Q. What about 4G phones?
A. The FCC says older 4G phones that do not support Voice over LTE (VoLTE) or HD voice could be affected. Some 4G phones are hybrid, meaning they are 4G for some functions, but 3G for others. It’s something you should check.
Q. When is 3G being eliminated?
A. AT&T says it is shutting down 3G in February. Verizon says it will shutdown 3G by Dec. 31, 2022. T-Mobile, which merged with Sprint, has announced it will finish shutting down Sprint’s 3G CDMA network by March 31, and Sprint’s 4G LTE network by June 30. It has also announced it will shut down T-Mobile’s 3G UMTS network by July 1, but has not yet announced a shutdown date for its oldest network, 2G.
The FCC cautions that these dates are for completing shutdowns, and that carriers may begin closing down parts of its networks sooner.

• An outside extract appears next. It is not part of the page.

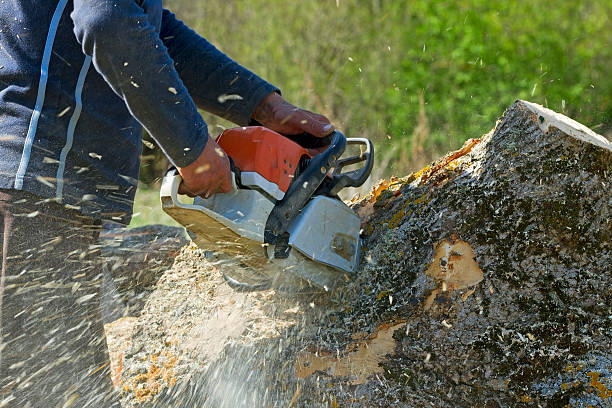 Best Lot and Land Clearing  in Eidson Road, TX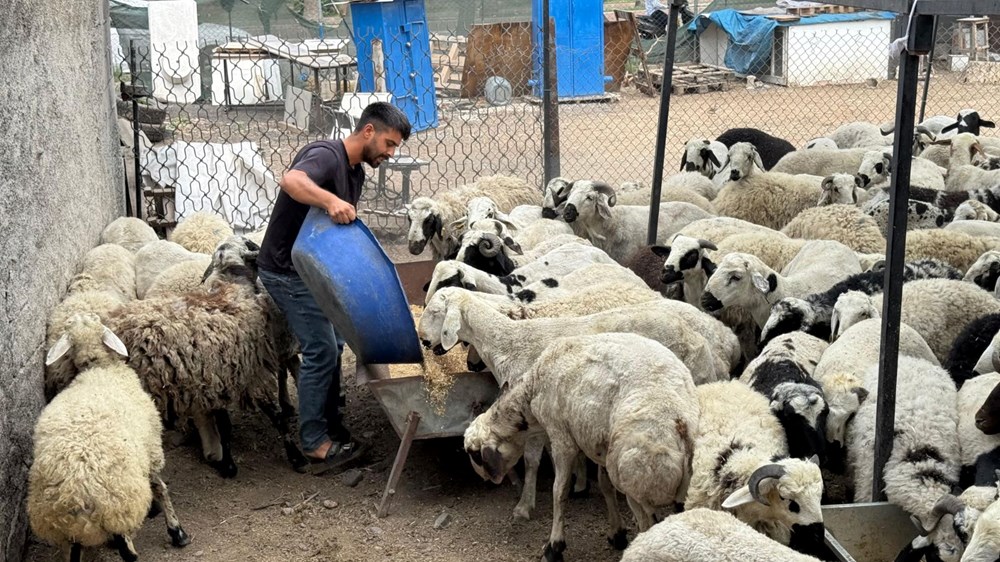 Kurbanlık alırken dikkat: Tuz ve sumak koyunları şişkin gösteriyor - 3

It behooves you to check with your carrier.
Q. What about Cricket and other smaller carriers?
A. They may be affected too, because they piggyback on the networks of the major carriers. (The major carriers, AT&T, Verizon, and T-Mobile, control about 98 percent of the market.)
Q. Why is this happening?
A. Cell phone carriers periodically upgrade their networks, but they don’t have an unlimited amount of spectrum, which is the invisible radio frequencies that wireless signals travel over. So, to improve their service, the carriers free up spectrum by removing older networks.
Carriers have cycled through one generation of network after another, dating back more than 20 years.
Q. How many people will be affected in Massachusetts?
A. It’s probably tens of thousands, based on the limited information released by carriers.
Q. How much will it cost customers to upgrade?
A. Carriers say there is no new monthly cost for service, and that they are offering discounted or free phones. Levison said she is awaiting delivery by mail of a free phone offered by AT&T.